2. M.V.O.P. No. 336 of 1998 was filed by the petitioner/claimant, who sustained injuries in the accident, which was occurred on 18-06-1997. Parents of the deceased, who died in the same accident, filed M.V.O.P. No. 337 of 1998.

3. The averments in the claim petition in brief are that the deceased by name V. Siva Prasad and the petitioner in O.P.No. 336 of 1997 at about 11 a.m., along with some other friends, were going on scooters to Mahanandi from Nandyal. The deceased and the said petitioner were proceeding on a scooter bearing No. AP-27A-773, which was driven by the deceased. At about 11 -30 a.m. when they crossed a place called Sugali Metta near Abandam Thanda on Mahanandi-Nandyal road, R.T.C. bus bearing No. AEZ-551 (for short ‘the bus’) came in opposite direction in a rash and negligent manner and dashed against the scooter. In the said accident, the deceased sustained fatal injuries and died after being shifted to the hospital. Whereas, the said petitioner sustained serious injuries for which he was treated in different hospitals and even after entire treatment, he sustained permanent disability. The Police registered a case against the driver of the bus and filed charge sheet against him to prosecute for the offences under Sections 338 and 304-A of Indian Penal Code. The deceased was attending ice-cream business and earning Rs. 10,000/- per month, and because of his sudden death, parents of the deceased sustained loss of dependency. The petitioner in O.P.No. 336 of 1998 is a student and because of his permanent disability, he is unable to attend his normal work. In view of the same, petitioners claimed compensation of Rs. 4,00,000/- and Rs. 8,00,000/- in O.P. No. 336 and 337 of 1998, respectively.

4. Respondent-Corporation filed its counter and while denying the averments made in the claim petitions, inter alia, stated that the accident was occurred only because of rash and negligent driving of the scooter. Further, it is also stated that the compensation claimed in the claim petitions is highly excessive and therefore, the petitions are sought to be dismissed.
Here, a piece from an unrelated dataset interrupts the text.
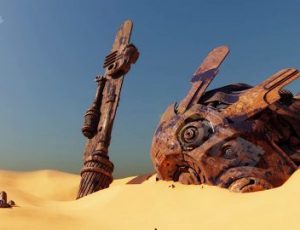 沙漠中的机器人残骸Blender模型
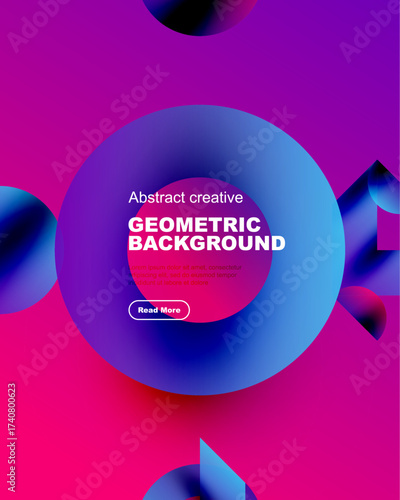 Vibrant abstract design. Geometric shapes blend with purple, pink hues. Text promotes creative background options, includes call to action.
5. In view of the competing claims raised on either side, the Tribunal framed the following issues for trial:

1. Whether the accident occurred due to rash and negligent driving of the driver of APSRTC bus bearing No. AEZ-551 belonging to the respondents.

2. Whether the petitioner is entitled to claim compensation from the respondent, if so, to what amount.

3. To what relief?

6. P.Ws. 1 to 4 were examined and Exs. A-1 to A-16 were got marked, on the side of the petitioners. R.W.1 was examined and Exs. B-1 to B-5 were got marked, on the side of the respondent-Corporation.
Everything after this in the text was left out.